Alibaba Cloud provides data security solutions for enterprise users running DataWorks on E-MapReduce (EMR), covering user authentication, data permission management, and big data job management. DataWorks on EMR addresses these needs through three layered security capabilities: user authentication with OpenLDAP, data permission management with Ranger or DLF-Auth, and node access control through Workspace and Security Center. This topic describes each capability and walks through a complete setup using Lightweight Directory Access Protocol (LDAP) and Data Lake Formation (DLF) DLF-Auth.
Authentication
DataWorks on EMR uses OpenLDAP for user authentication. OpenLDAP integrates with the following services, so only authenticated users can query data through them:
Hive
Spark ThriftServer
Kyuubi
Presto
Impala
Data permission management
Two components are available for managing data permissions in EMR clusters: Apache Ranger and DLF-Auth.
Choose a permission manager
| Ranger | DLF-Auth | |
|---|---|---|
| Type | Open source | Alibaba Cloud (provided by Data Lake Formation) |
| Manages permissions on | Hadoop Distributed File System (HDFS), YARN, Hive databases, Hive tables | Databases, tables, columns, functions |
| Where to configure | Ranger console (deployed in the EMR cluster) | DataWorks Security Center |
If you use Object Storage Service (OSS) for storage, configure OSS permissions separately in the OSS console. DataWorks observes permission settings from Ranger, DLF, and OSS.
Enable Ranger
Start Ranger from within your EMR cluster. Once enabled, Ranger manages permissions on HDFS, YARN, Hive databases, and Hive tables.
For details on DLF-Auth, see DLF-Auth and Manage permissions on DLF
Node access control
DataWorks manages big data computing nodes through two modules: Workspace and Security Center.
Workspace — controls who can access and modify nodes:
Add members to a workspace
Configure visibility and maintainability settings for big data nodes
For details, see Workspace overview.

Security Center — controls data access:
Configure access permissions on DLF tables
For details, see Manage permissions on DLF.
Cluster registration and account mapping
When you register an EMR cluster to a DataWorks workspace, specify the identity used to run EMR tasks in production. You can specify a task owner, an Alibaba Cloud account, or a RAM user.
After registration, configure account mappings to link workspace members to their corresponding EMR cluster accounts. The mapped account is used when a node runs in the cluster.
For details, see Register an EMR cluster to DataWorks.
Implement complete data permission management
When multiple users share the same Hadoop account, users and data permissions are not effectively managed. Using LDAP authentication together with Ranger or DLF-Auth solves this: each user gets a named account, and data permissions are granted explicitly per account.
The following steps use LDAP + DLF-Auth as an example.
Set up LDAP + DLF-Auth
Enable OpenLDAP. In the EMR cluster, select the OpenLDAP service, start it, and add user accounts for each team member.

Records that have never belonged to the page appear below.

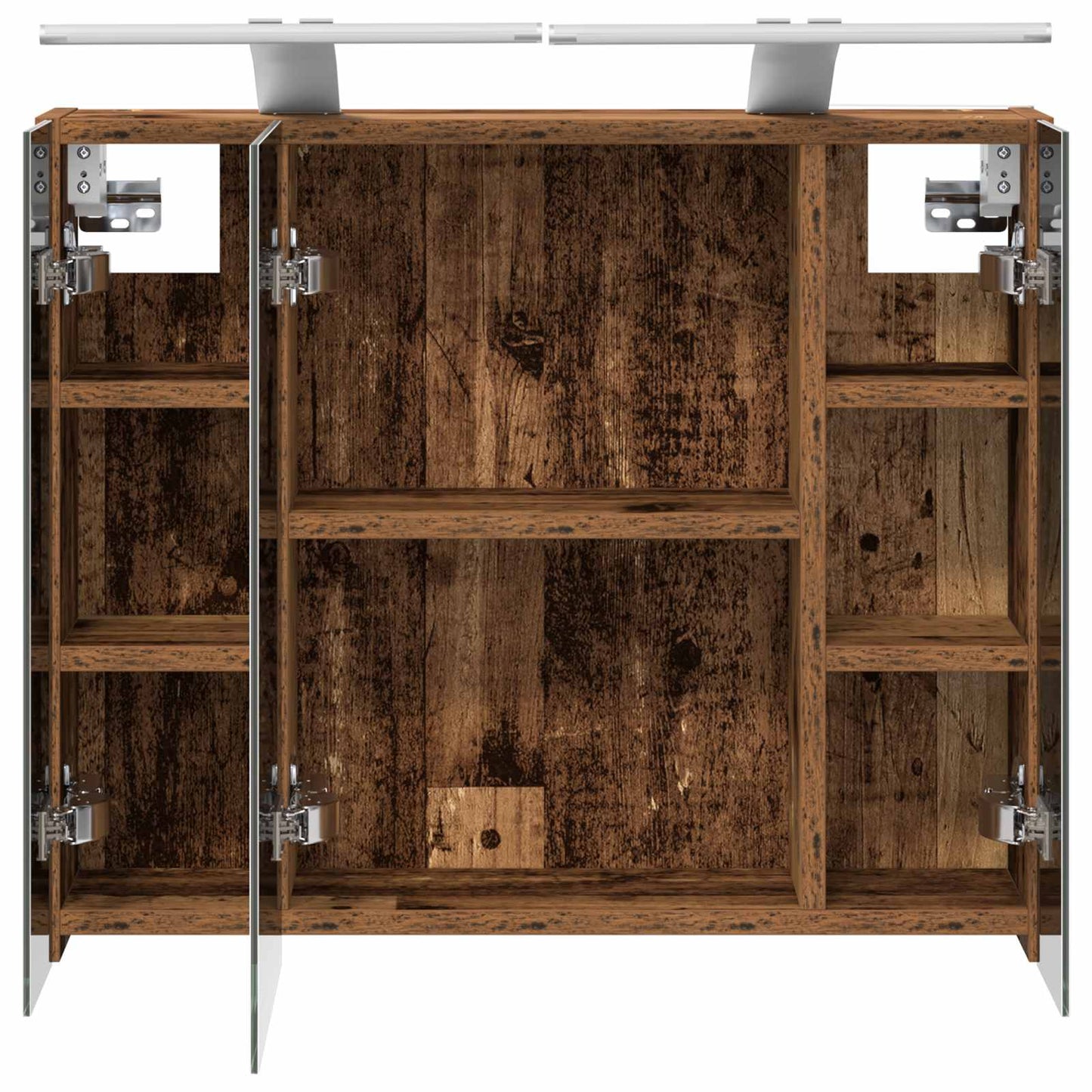 vidaXL Bathroom Mirror Cabinet Old Wood 60 x 14.5 x 50 cm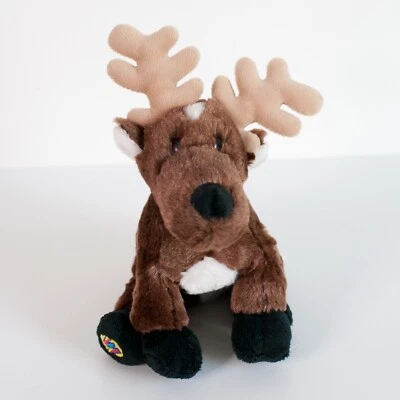 Ganz Webkinz Reindeer Plush H137 Stuffed 9" No Code - Image 1 of 4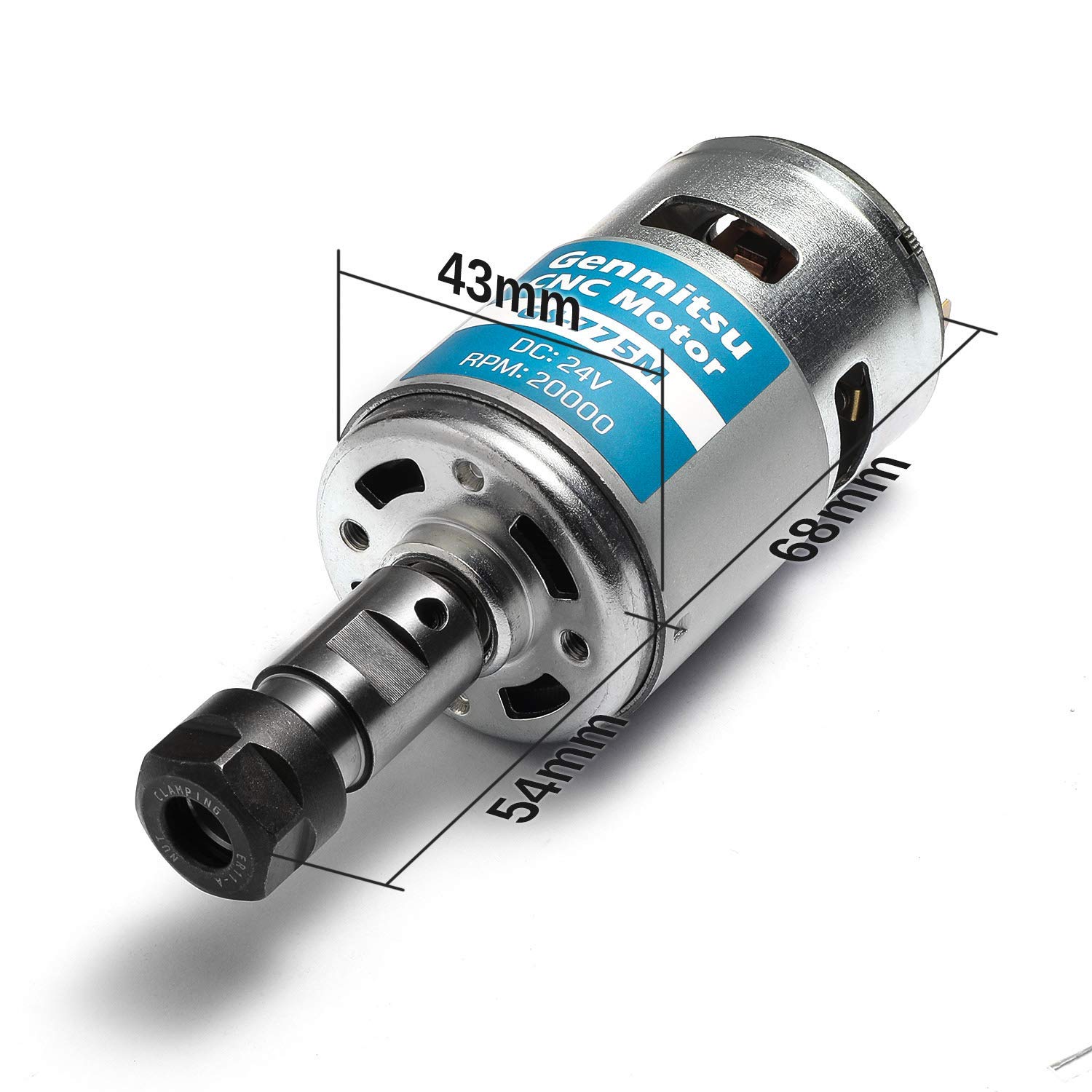 Genmitsu GS-775M 20000RPM 775  – обзор и цена Cnc Spindle Motor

Enable LDAP authentication for a service. Select a service such as Hive, and enable OpenLDAP for it. Verify that users can log in with their LDAP credentials and run jobs as expected.
Register the EMR cluster. Go to Management Center > Cluster Management. When registering your EMR cluster to a DataWorks workspace, set the Default Access Identity to match your access model (task owner, Alibaba Cloud account, or RAM user). For details, see Register an EMR cluster to DataWorks.
Map workspace accounts to LDAP accounts. On the Cluster Management page, find your cluster and click the Account Mappings tab. Click Edit Account Mappings and map each Alibaba Cloud account or RAM user to the corresponding LDAP account.
Grant data permissions in Security Center. Go to DataWorks Security Center and configure DLF permissions for each account. Make sure every account that runs nodes has the required permissions—nodes will fail if the executing account lacks access to the data.